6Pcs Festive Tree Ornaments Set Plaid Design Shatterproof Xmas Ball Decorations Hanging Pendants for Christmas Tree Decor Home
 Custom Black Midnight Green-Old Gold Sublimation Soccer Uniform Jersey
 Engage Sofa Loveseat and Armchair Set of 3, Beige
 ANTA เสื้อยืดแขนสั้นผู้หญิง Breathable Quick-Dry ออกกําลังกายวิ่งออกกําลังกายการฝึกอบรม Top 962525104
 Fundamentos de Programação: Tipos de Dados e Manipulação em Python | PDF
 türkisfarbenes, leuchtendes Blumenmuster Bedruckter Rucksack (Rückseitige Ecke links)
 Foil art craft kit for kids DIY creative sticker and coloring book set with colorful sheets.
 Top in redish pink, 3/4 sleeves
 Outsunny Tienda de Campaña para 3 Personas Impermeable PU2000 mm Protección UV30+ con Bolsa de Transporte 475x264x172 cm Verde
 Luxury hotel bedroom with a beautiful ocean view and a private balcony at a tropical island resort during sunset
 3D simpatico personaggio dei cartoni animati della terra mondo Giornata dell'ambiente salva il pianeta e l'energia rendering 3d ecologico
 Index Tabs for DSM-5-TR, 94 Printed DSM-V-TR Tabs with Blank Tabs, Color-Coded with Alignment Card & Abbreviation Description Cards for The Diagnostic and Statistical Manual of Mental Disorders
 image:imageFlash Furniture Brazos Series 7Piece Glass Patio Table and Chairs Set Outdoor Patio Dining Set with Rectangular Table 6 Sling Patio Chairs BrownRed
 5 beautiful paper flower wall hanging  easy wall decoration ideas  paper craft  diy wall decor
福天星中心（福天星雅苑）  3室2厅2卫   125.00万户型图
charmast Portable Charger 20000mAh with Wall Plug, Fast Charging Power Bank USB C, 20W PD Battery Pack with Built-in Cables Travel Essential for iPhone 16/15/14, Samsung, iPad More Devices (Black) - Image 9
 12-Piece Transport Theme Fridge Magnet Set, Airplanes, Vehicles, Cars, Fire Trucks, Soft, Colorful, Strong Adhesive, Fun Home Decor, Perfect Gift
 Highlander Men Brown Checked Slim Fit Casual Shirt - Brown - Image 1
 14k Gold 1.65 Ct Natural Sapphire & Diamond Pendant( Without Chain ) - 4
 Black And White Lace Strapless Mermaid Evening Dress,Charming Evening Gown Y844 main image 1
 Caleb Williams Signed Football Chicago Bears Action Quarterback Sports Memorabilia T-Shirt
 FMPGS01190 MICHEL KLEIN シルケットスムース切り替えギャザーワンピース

* * * *

Task details: Your answer should be a number only: the count of lines above in which the string "craft" appears.

Reply to the task: 2